WORK REQUEST: An exact copy of the entries is required, with every image omitted.

Scraped caption text data:

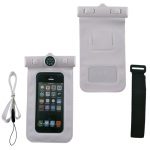 VOLTE-TEL ΘΗΚΗ ΑΔΙΑΒΡΟΧΗ UNIVERSAL 5.3" WHITE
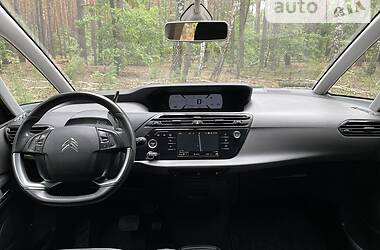 Мінівен Citroen C4 Picasso 2016 в Києві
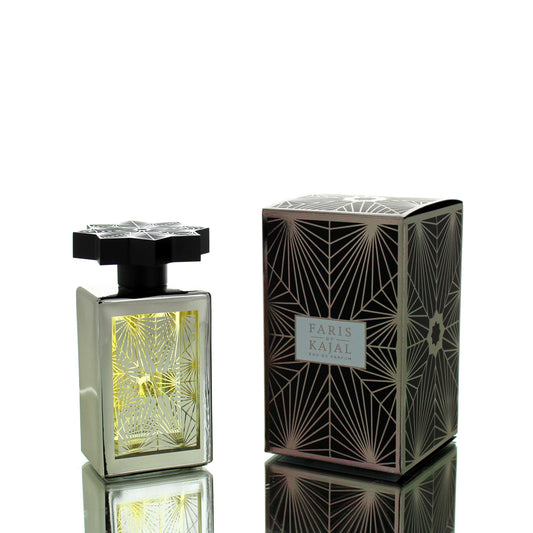 Kajal Faris For Man/Woman Eau De Parfum Perfume Boxed
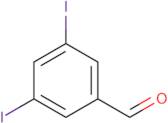 3,5-Diiodobenzaldehyde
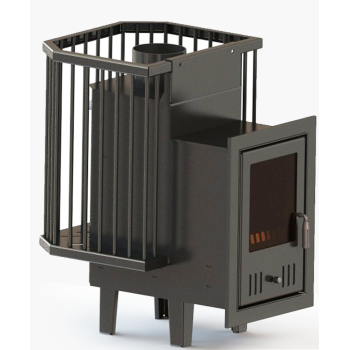 Krosnelė pirties ANTARA MINI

YOUR SOLUTION:
 VOLTE-TEL ΘΗΚΗ ΑΔΙΑΒΡΟΧΗ UNIVERSAL 5.3" WHITE
 Мінівен Citroen C4 Picasso 2016 в Києві
 Kajal Faris For Man/Woman Eau De Parfum Perfume Boxed
 3,5-Diiodobenzaldehyde
 Krosnelė pirties ANTARA MINI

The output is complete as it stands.